Monday, October 18, 2010

"Born To Be Alive" - Part I

Hey, Party People!

If you don't know anything about the Halifax-based comedy troupe Picnicface: shame on you!  They're a very talented crew and their serendipitous formation, in my humble opinion, fills a critical need we have as a nation for a new generation's answer to Four on the Floor and  Kids in the Hall.  They're on the cusp of national success, which I believe is woefully overdue.
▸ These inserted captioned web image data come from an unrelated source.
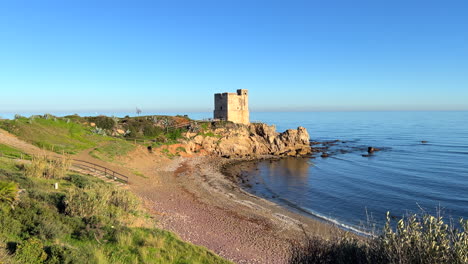 Torre-de-la-Sal-in-Casares-Manilva-beach-in-Spain,-coastal-tower-system-for-surveillance-and-defence-against-Berber-pirates,-green-plants-at-the-sunny-beach,-4K-shot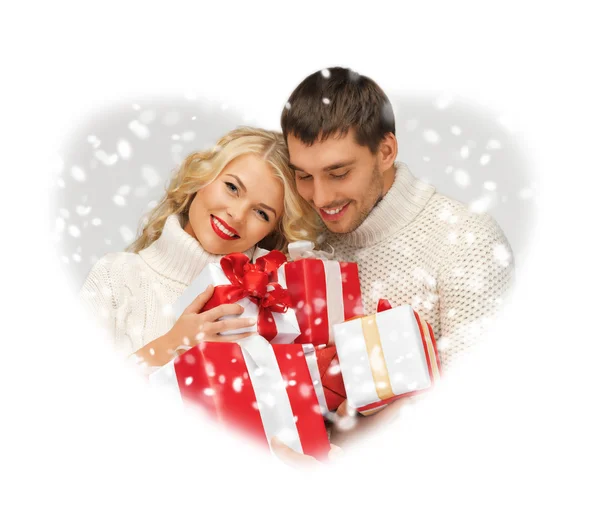 Romantic couple in a sweaters with gift boxes — Stock Photo, Image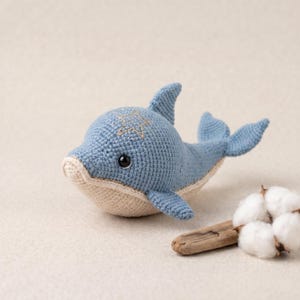 May include: A blue crocheted dolphin toy with a cream-colored underbelly and a small embroidered gold star on its forehead. The dolphin features black plastic safety eyes and a smooth, textured yarn finish, positioned next to a piece of driftwood.
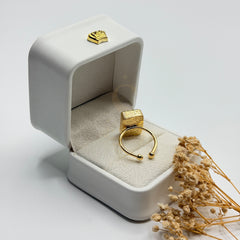 Natural ruby statement ring showing the adjustable gold plated band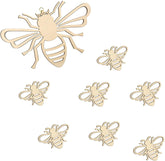 Set of gold bee-shaped decorations on a white background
Some biographical info is in order.  One of the founding members, B.C.-born  Mark Little cut his comedic chops as a touring stand-up comedian.  In 2004 he met Ontarian Kyle Dooley while serving as an instructor at an Improv Camp. They hit it off and a year later Mark moved to Halifax when Kyle went back to school to study Psychology.  They formed Picnicface soon after after adding Evany Rosen to their comedic triumvirate.  Soon they were performing regular gigs at regional universities and under-attended clubs but their fearless diligence soon began to pay off.  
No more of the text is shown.